Tuesday, 27 November 2012

The Case for a Safe XCall

I've written about this before, and its time to write again -
dtrace_xcall(). This is the function DTrace uses on multiprocessor
systems to sync the CPUs so that the CPUs can agree, e.g. on
which buffer to use when logging the traced probes.

dtrace_xcall() is the function in the driver to do this. On Linux,
this maps to smp_call_function() and friends. A CPU cross-call is
an interesting concept - an ability for one CPU to make a function
call on the other CPU. The use case is rarely needed, and if it
is done, whilst breaking the calling protocol, you can lock up one
or more CPUs or crash the system.

On Linux, the cross-call (or IPI, interprocessor-interrupt), can
be seen by examining /proc/interrupts and looking for a line

$ cat /proc/interrupts
CAL: 52770 36972 Function call interrupts

My system has had many hours of uptime, yet the calls are rare (the above
is showing the calls for each CPU).

When dtrace is called on to do a heavy action, like:

$ dtrace -n fbt::::

tens or hundreds of thousands of probes may be collected per second.
DTrace has two internal buffers to log these probes, and the buffers
will fill up quickly, and the calls to the IPI xcall code will happen
a lot.

I've been pondering how this actually works - both on Linux and Solaris.

Lets take a thought experiment:

Imagine a dual cpu system. One processor is sitting inside a lock region,
with interrupts disabled. The other CPU is trying to access the same lock/region.
Now this other CPU is blocked until the first cpu exits the lock.

Now, imagine this again. This time, the first CPU takes a very
long time to hold the lock. This would block the other CPU indefinitely.
Normally this is rare - the kernel arranges to never hold locks for
long periods of time.

Now, lets modify this scenario. One cpu is holding on to a lock, interrupts
disabled, and we do an IPI cross-call. The other CPU is holding on to a
different lock and has interrupts disabled. The first cpu cannot interrupt
the other CPU and so we deadlock. In normal scenarios, this mutual exclusion
cannot happen (other than bugs in the kernel or drivers).

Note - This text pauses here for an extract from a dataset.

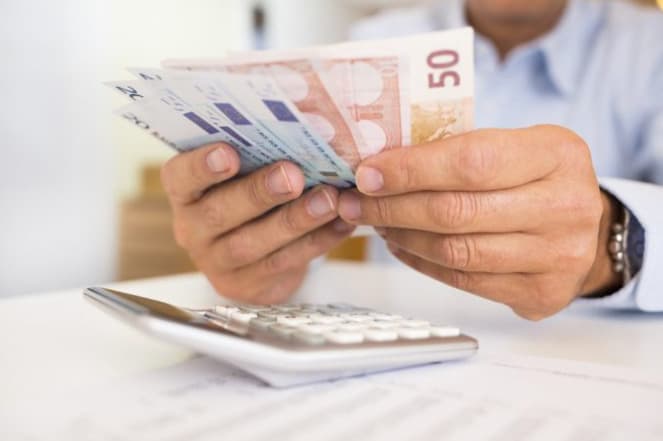 Počet poberateľov sociálnych dávok na Slovensku v apríli výrazne stúpol, dôvodom sú odídenci z Ukrajiny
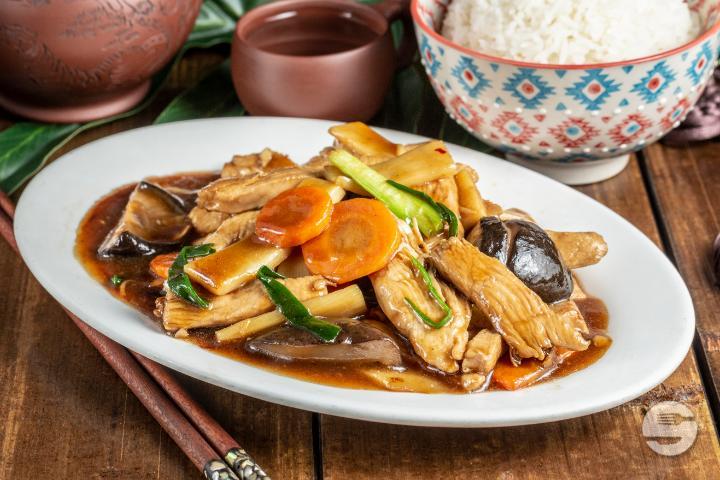 40. Chicken with Mushrooms and Bamboo Shoots - Hungky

IPI interrupts are just like normal interrupts - they can be ignored
when interrupts are disabled, and processed when interrupts are reenabled.

The kernel smp_call_function() call has a contract: it must not be
called with interrupts disabled. Doing so generates a kernel
log/BUG warning, and indicates the kernel could deadlock.

When we use DTrace, we can place a probe on any function in the kernel,
especially functions which run with interrupts disabled. This means
we break the contract.

(I note Oracle UEL Linux DTrace simply calls smp_call_function() and
suffers the bug, unless they have fixed it). In my DTrace, I take
steps to avoid calling the Linux smp_call_function() and implement my
own. It *seems* to work.

Whilst examining Xen, I had great difficulty finding a way
to avoid smp_call_function() so someone invoking fbt probes
with interrupts enabled can cause deadlocks or long live locks. (DTrace
will detect a mutual deadlock and break the lock, but this is horrible
and can panic the kernel in some extreme circumstances).

DTrace is supposed to be reliable and the above behavior is horrible.
Simple *HORRIBLE*.

I have a (new) workaround...see below.

But, why doesnt Solaris have this problem? Well, the Solaris xcall code
is intimate with the kernel interrupt code, and a CPU waiting in a xcall
runs with interrupts enabled. (The whole Solaris/BSD kernel uses interrupt
priorities to allow much of the kernel to run with interrupts enabled
and even when interrupts are disabled, deadlocks cannot occur).

I wish I understood the above paragraph more - but experiments,
user success stories demonstrate that Solaris has no deadlock issue.

Ok, so the solution for Linux.

If you followed the above carefully, you will note the problem
is caused if we try to do a cross-call whilst interrupts are disabled.
And interrupts are disabled either when probing a function in
interrupt handler code, or inside a locked region.

So, lets disable probes whilst interrupts are disabled. If we did
this, then the kernel should be safe for fbt::*: probes and never
deadlock. Most interesting scenarios are in the non-locked kernel regions.

But thats bizarre! How could we do this? That defeats one of the
deep probing aspects of DTrace.

Well to resolve this conflict of interest - we can have DTrace run
in 'safe' mode by default, and when the user wants to remove this safety
barrier, they can do so, by sending a message to the driver.

And this is what I am going to do for the next release.

Post created by CRiSP v11.0.13a-b6462

1 comment:

  1. Paul, Good to see you are looking at optimizing the xcalls on Linux again. It will be interesting to see the results of your latest experiment with this.